Great work as always Rob. I think to be fair to the Boxster, it was developed entirely inhouse, whereas the 914, like the 924 after it, was jointly developed with VW, on the basis that VW would badge lower powered versions as a replacement for the Karmann Ghia coupe, and Porsche would badge higher powered cars. As usual VW got cold feet, and Porsche was left to sell the car alone. One of the causes of disquiet now that VW owns Porsche. In any case, lovely piece of Porsche history, and nice to see they are finally being appreciated.


----------



## Jordan_XSi (Mar 17, 2011)

What an amazing car, excellent work too.


----------



## DetailMe (Jan 13, 2011)

Very unusual Rob, not see one of these! Nice work mate

Chris


----------



## Superspec (Feb 25, 2011)

I've never seen one of those before. It's lovely. Great job.


----------



## polishyourcar (Oct 2, 2010)

What a rare car. Nice work :thumbs:


----------



## johngerard (Jun 13, 2008)

*Is it real?*

That's an outrageously good job. It doesn't look real. It looks like it's CGI, or a picture out of the Tamiya catalogue.

What a job on a very rare car.


----------



## DW58 (Nov 27, 2010)

My goodness, it's been a very long time since I last saw a 914. Great Job.


----------



## fishbonezken (Apr 17, 2010)

what a mint looking car! great job!


----------



## Sciroccostyle (Mar 31, 2011)

Never seen or heard of one of those, interesting with the history etc. Nice work as well it look better than new.


----------



## herbiedacious (Sep 27, 2010)

Lovely job,and a great car. Used to have an orange one,best handling car of that era l reckon, typical mid engine handling. Had a beetle with a 914S motor,that used to surprise a few people at the traffic light Grand Prix!:thumb::thumb::thumb:


----------



## slrestoration (Nov 11, 2009)

Lovely work Rob, usual high quality photgraphy in your write up mate:thumb:


----------



## Ti22 (Mar 24, 2009)

Lovely.. nice one!


----------



## Gleammachine (Sep 8, 2007)

*Update.*

Received an e-mail this morning from the owner of this 914.

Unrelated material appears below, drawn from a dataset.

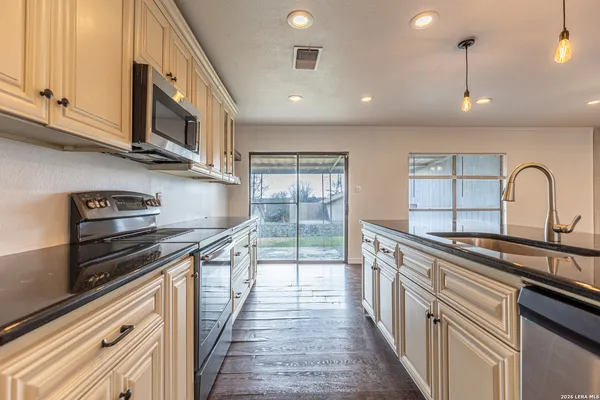 $1,550 | 5434 Mountain Vista Drive, San Antonio, TX 78247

_My 914 won "Best 4 cylinder car" at the Classic Porsche Show at Castle Hedingham on Sunday !
Thanks for all your efforts._

Very pleasing for all the customers efforts in the restoration, and my small part on the detailing side of it.:thumb:


----------



## Keith_sir (Jun 27, 2011)

Never seen this car, looks great. Nice work too.


----------



## Coxy914 (Jan 14, 2007)

Gleammachine said:


> Received an e-mail this morning from the owner of this 914.
> 
> _My 914 won "Best 4 cylinder car" at the Classic Porsche Show at Castle Hedingham on Sunday !
> Thanks for all your efforts._
> ...


Had a good look around it on Sunday!

Looked superb!


----------



## zippo (Mar 26, 2008)

I'm off to spec savers or similar .I Have no idea how I missed this. A Stunning piece of work mate without a doubt. There's a chap who rallies one of these in one of the historic rally series . Him and co-driver must have hard butts its not exactly endowed with ground clearance is, but I digress. That's a stunning detail you did Rob even if you have grown a few grey hairs since you did the detail and I've commented on it. Can't let a car like that with the work you put in pass by it would be against the grain 
Daz


----------



## gatman (Jun 13, 2012)

Great job 

How come you used an ONR wash, was there no access to proper water supplies?


----------



## NornIron (May 12, 2007)

I love 914's and 914/6's... lovely car and great work:thumb:


----------



## Gleammachine (Sep 8, 2007)

One of my favourite cars in my portfolio, now this is spooky- the owner e-mailed me last week to book in his Targa, and informed me that the 914 is no more, sadly it got written off shortly after the car show it was detailed for.



zippo said:


> I'm off to spec savers or similar .I Have no idea how I missed this. A Stunning piece of work mate without a doubt. There's a chap who rallies one of these in one of the historic rally series . Him and co-driver must have hard butts its not exactly endowed with ground clearance is, but I digress. That's a stunning detail you did Rob even if you have grown a few grey hairs since you did the detail and I've commented on it. Can't let a car like that with the work you put in pass by it would be against the grain
> Daz


Thanks Daz, appreciate your comments.



gatman said:


> Great job
> 
> How come you used an ONR wash, was there no access to proper water supplies?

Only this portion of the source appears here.